Author: Torrey Peters

Published: 2020

Type: Fiction

Pages: 340

Sure, a lot of women I know wonder if they do want a child, but not why. It's assumed why. The question cis women get asked is: Why don't you want kids? And then they have to justify that. If I had been born cis, I would never even have had to answer these questions. I wouldn't have had to prove that I deserve my models of womanhood. But I'm not cis. I'm trans. And so until the day that I am a mother, I'm constantly going to have to prove that I deserve to be one. That it's not unnatural or twisted that I want a child's love. Why do I want to be a mother? After all those beautiful women I grew up with, the ones who chaperoned my classes on field trips, or made me lunch when I was at their house, or sewed costumes for all the little girls that I ice skated with — and you too, Katrina, for that matter — have to explain their feelings about motherhood, then, I'll explain mine. And do you know what I'll say? Ditto.

In Brief: 

This book was totally engrossing – hilarious, thoughtful, compassionate, insightful, smart.
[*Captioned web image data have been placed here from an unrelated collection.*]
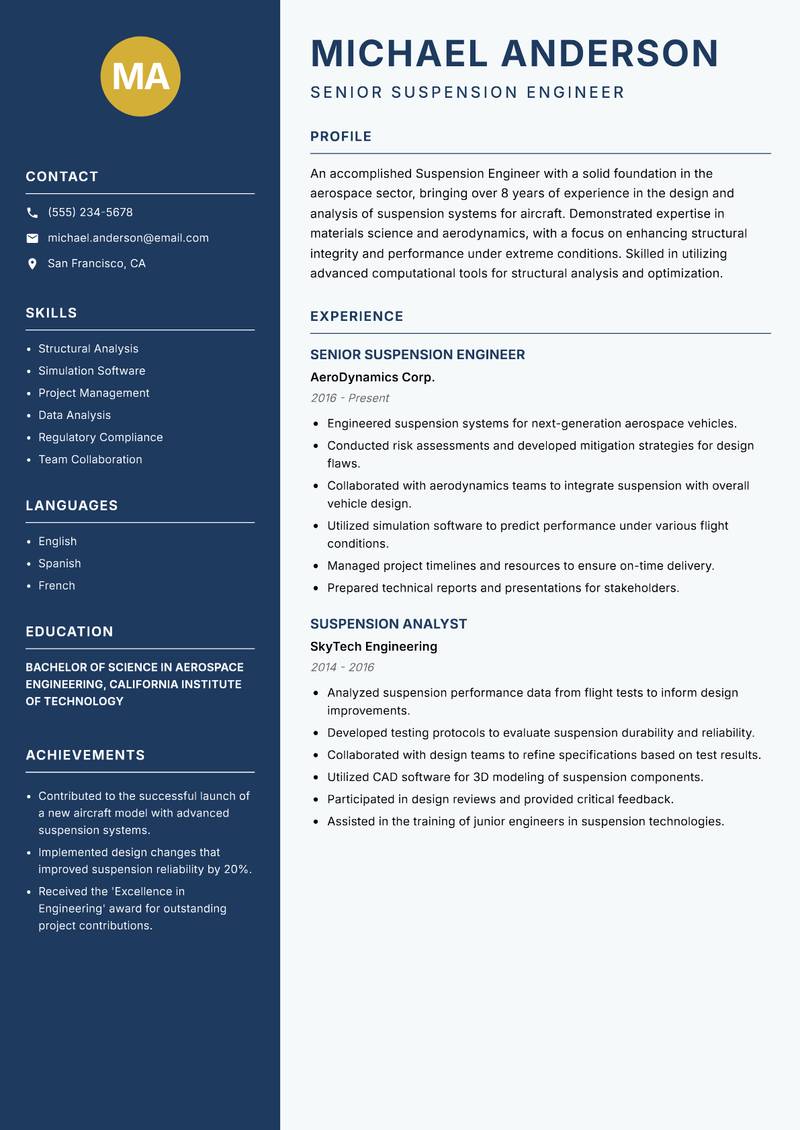 Suspension Engineer Resume Preview Example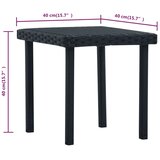  Vrtni stolić za čaj crni 40 x 40 x 40 cm od poliratana | Eponuda.com
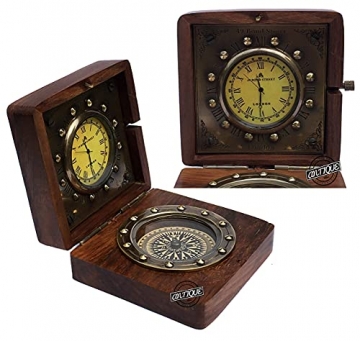 Viktorianische Kompass-Uhr aus Holz, London, handgefertigte Uhren, Tischplatte, Weihnachtsdekoration, Geschenkartikel - 3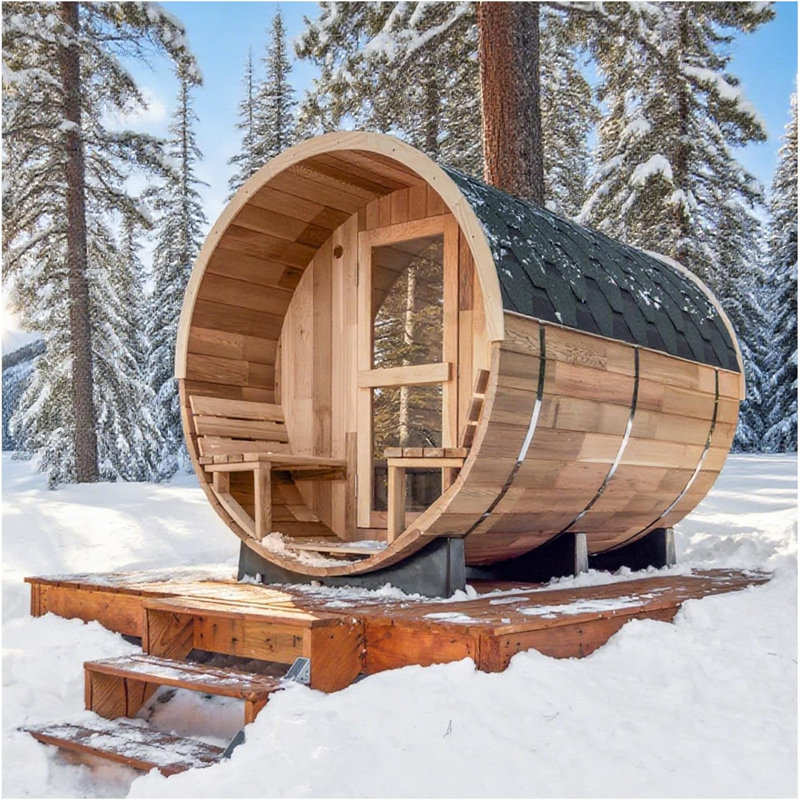 Hylivesaunas Outdoor Wood Barrel Sauna Room, 6-8 Person Canadian Red Cedar Garden Traditional Wooden Saunas with Porch, Steam Spa with ETL- Certified 6kw Heater, Rocks, Water Bucket, Light,195℉ US Instock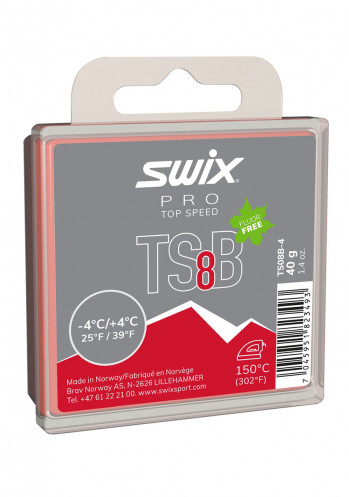 Skluzný vosk Swix TS08B-4 Top Speed B,červený,-4°C/+4°C,40g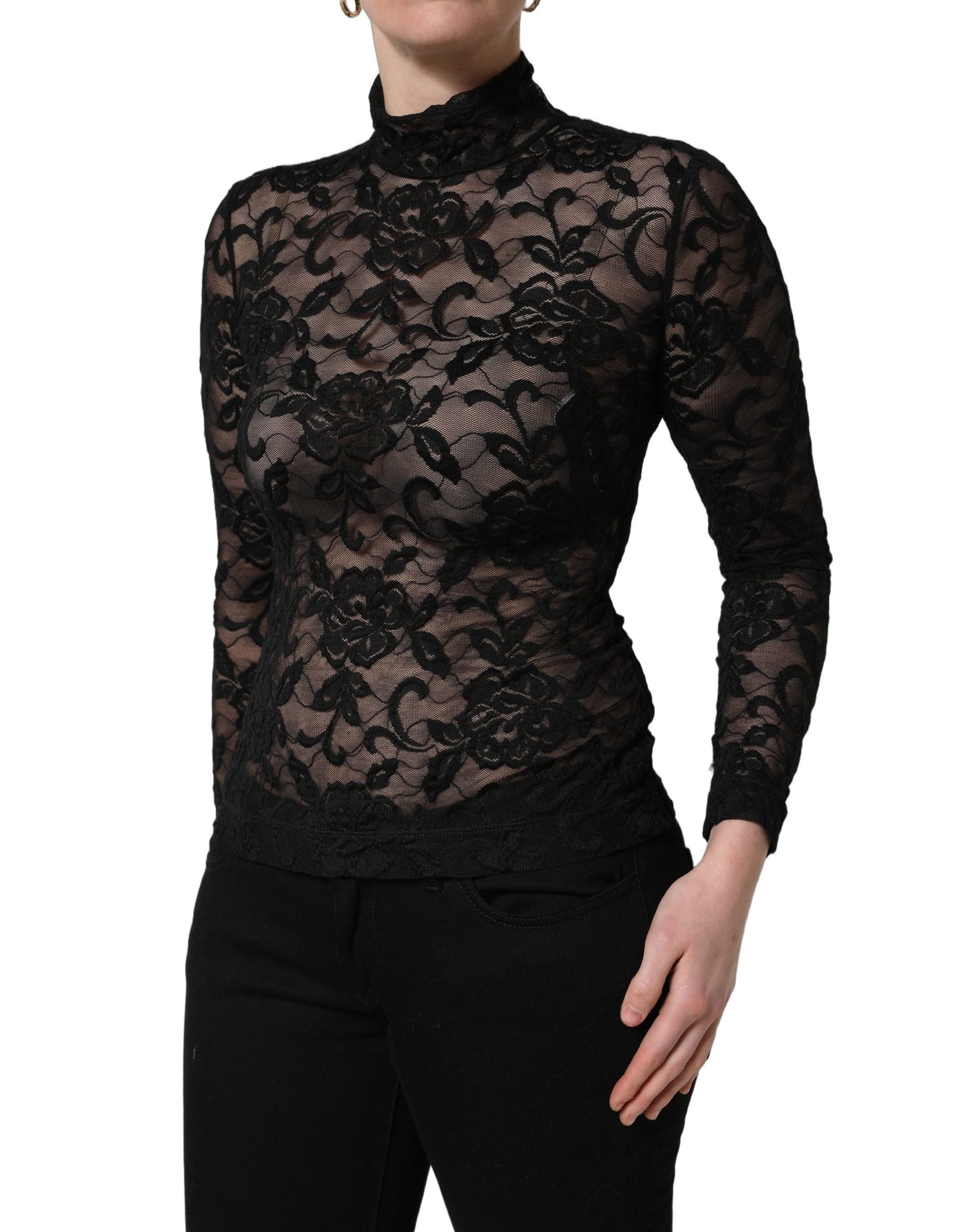 Black Floral Lace Turtle Neck Long Sleeve Top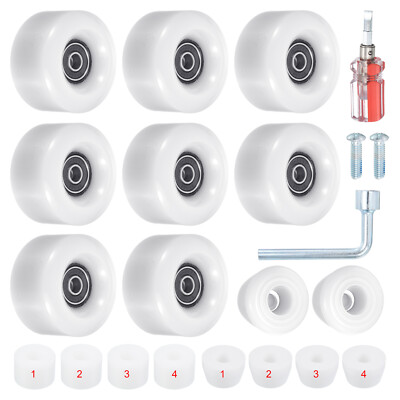 8pcs Roller Skate Wheels Quad with ABEC-9 Bearing 82A PU  2 Toe Stoppers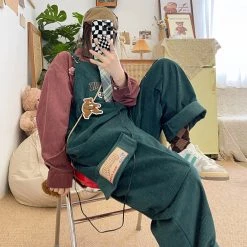 Juwas NEW ARRIVAL Grizzly Bear Velvet Overalls Pants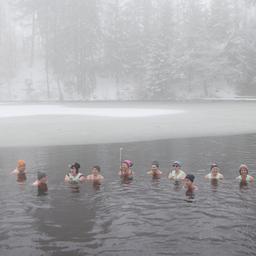 Eisschwimmer im Waldseebad in Hasselfelde (Sachsen-Anhalt).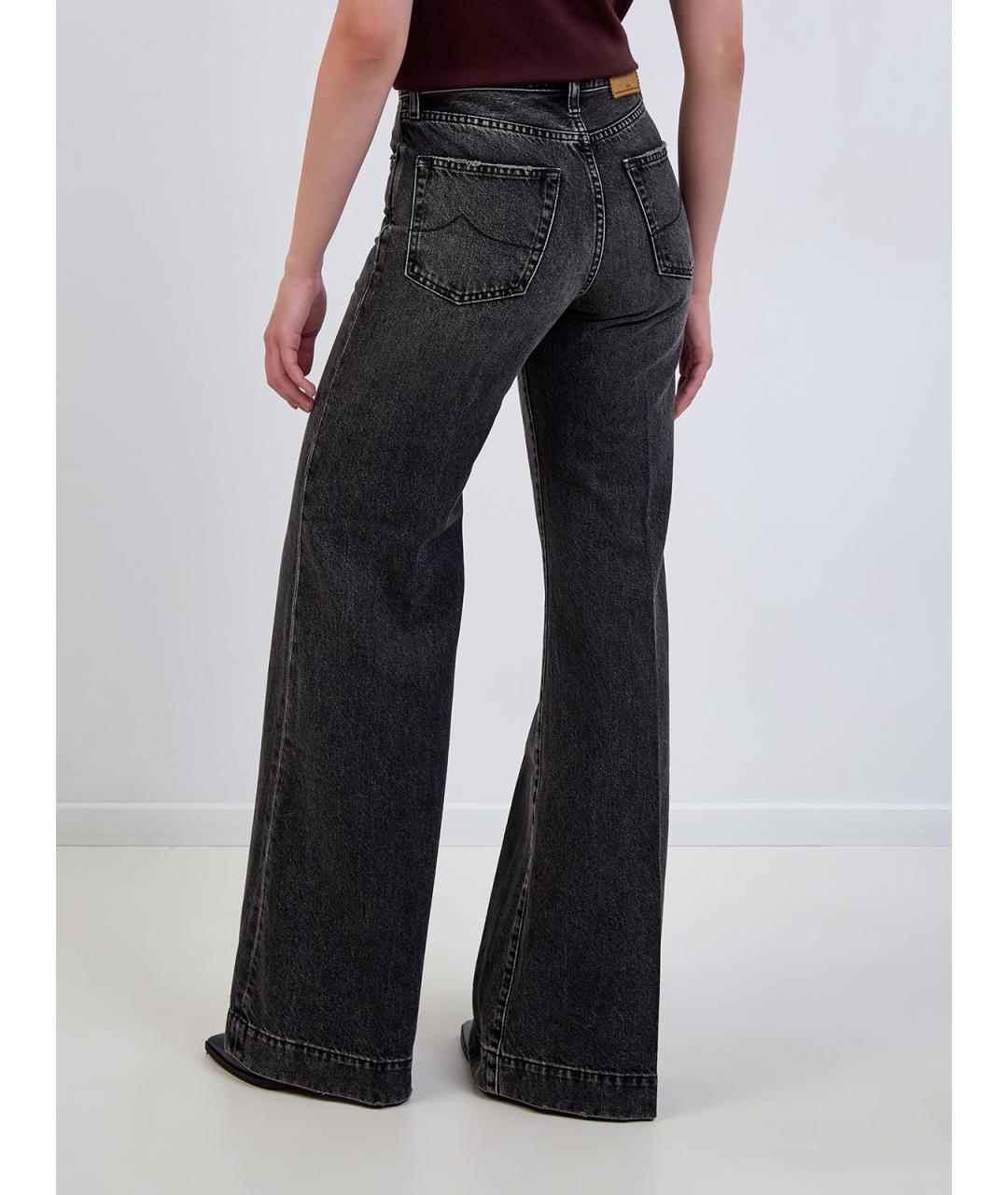 JACOB COHEN Антрацитовые хлопковые джинсы клеш, фото 3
I couldn’t put it down, and absolutely loved the examination of woman/mother -hood. 

Rating: 4.75

Synopsis:

Detransition, Baby revolves around three characters: Ames, who lived for years as a trans woman named Amy, before detransitioning back to live as a man; Katrina, a divorced, mixed-race/white-passing cis woman who is Ames’s girlfriend and boss, and who doesn’t initially know about Ames’s past; Reese, a trans woman who desperately wants to be a mother, who is also Ames’s ex-girlfriend.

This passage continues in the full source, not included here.